Alabama was gunning for its seventh national championship since 2009, though few might have been more unexpected. But for the starburst performance in the SEC championship game, this was not the same Crimson Tide team that stormed through last season with a cavalcade of offensive stars — from running back Najee Harris to quarterback Mac Jones and a star-studded receiving corps led by Smith, the Heisman Trophy winner — that operated behind the country’s best offensive line.

This team was talented, to be sure, but it was also young, inexperienced and lacking in leadership.

The quarterback, Young, was the prized prospect in the country two years ago but he threw just 13 passes before this season. The running back corps was thin and the offensive line had to replace three starters.
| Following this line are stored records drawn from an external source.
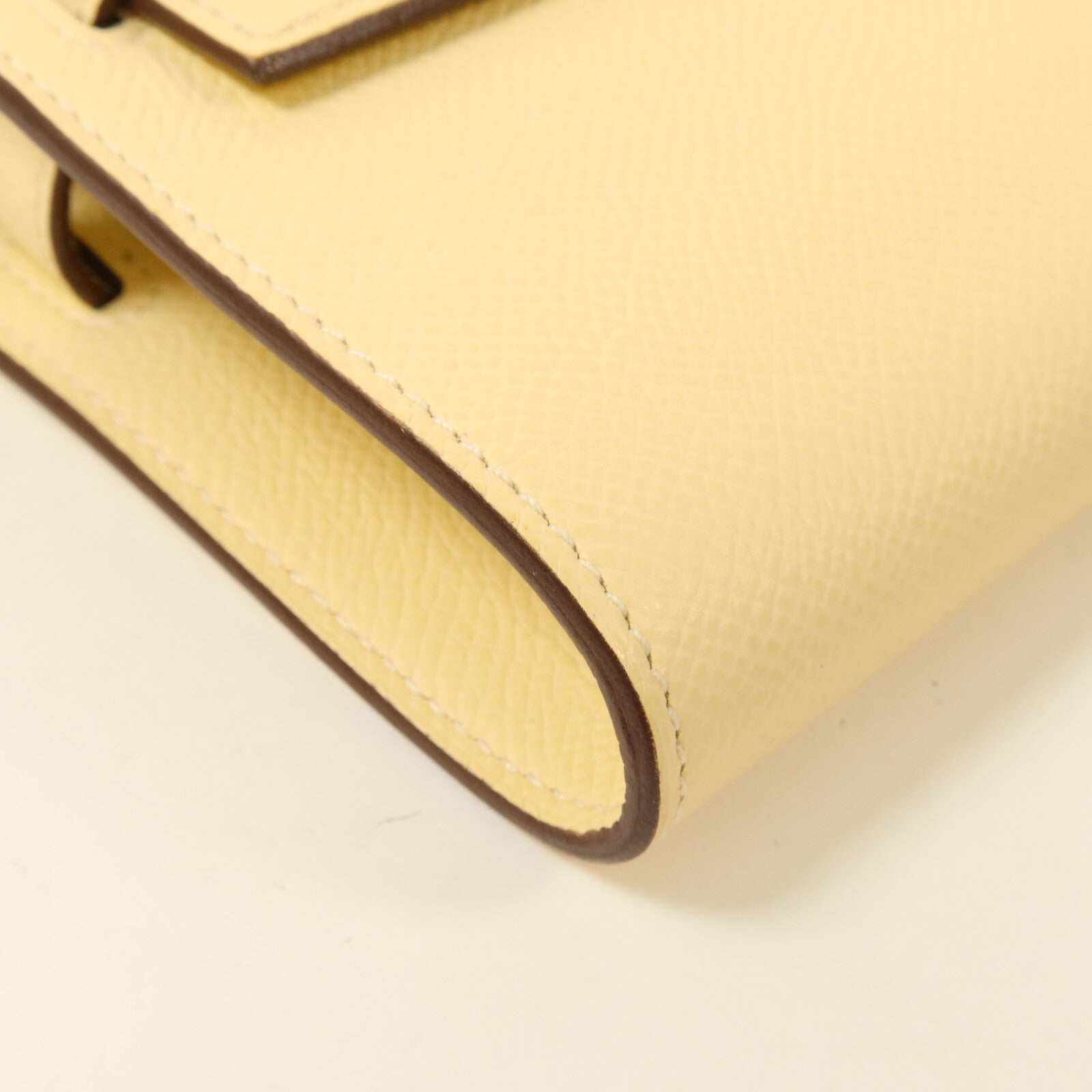HERMES Epsom皮革Kelly To Go肩背袋Nata/Jaune Poussin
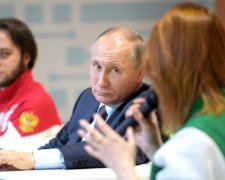 Путин создает собственный "женский Вермахт": видео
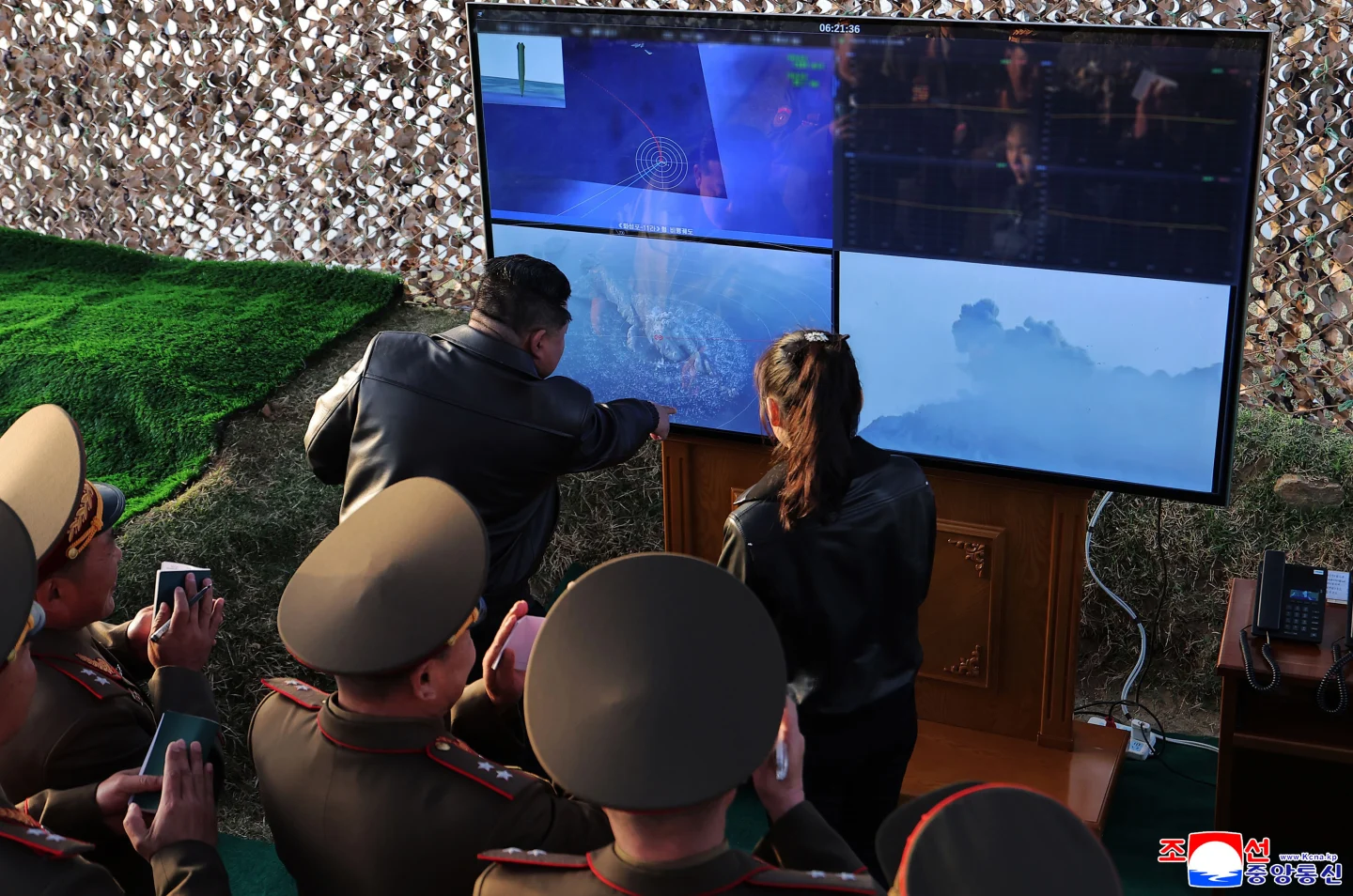 Corea del Norte vuelve a probar misiles balísticos con municiones en racimo bajo la supervisión de Kim Jong Un y su hija.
The defense returned eight starters, including the star pass rusher Will Anderson, but it was a unit that had hiccups in 2020.

Saban was concerned enough about leadership that he brought in Alex Rodriguez last summer to address his team on the perils of repeating as champion — something the former Yankees star never did in his lengthy career. It also explains why the notoriously demanding coach has been gentler and kinder when his team was upended by Texas A&M and emerged with harrowing wins over Florida, Louisiana State and Auburn.

“I don’t want to call it nurturing,” Saban said after the semifinal victory over Cincinnati. “But I felt like we needed to do that with this team, just getting on these guys all the time was not going to help their confidence, it was not going to help the young players develop.”

That development had been critical late in the season, when Alabama’s offense was further hamstrung after losing its most dangerous playmaker, Jameson Williams, early in the second quarter. Williams, the speedy Ohio State transfer, went down when his left knee buckled after hauling in a 40-yard pass from Young. The completion, in which Williams sprinted wide open downfield, was reminiscent of last month when he torched the Georgia secondary for 184 yards and two touchdowns.

Williams, who was carried off the field, was the latest injury loss for Alabama. The Crimson Tide had lost receiver John Metchie III (knee) and cornerback Josh Jobe (foot) to season-ending injuries in the SEC title game. It proved too much to overcome and now Alabama will have to wait until next season to wash away the disappointment, something Georgia knows all too well.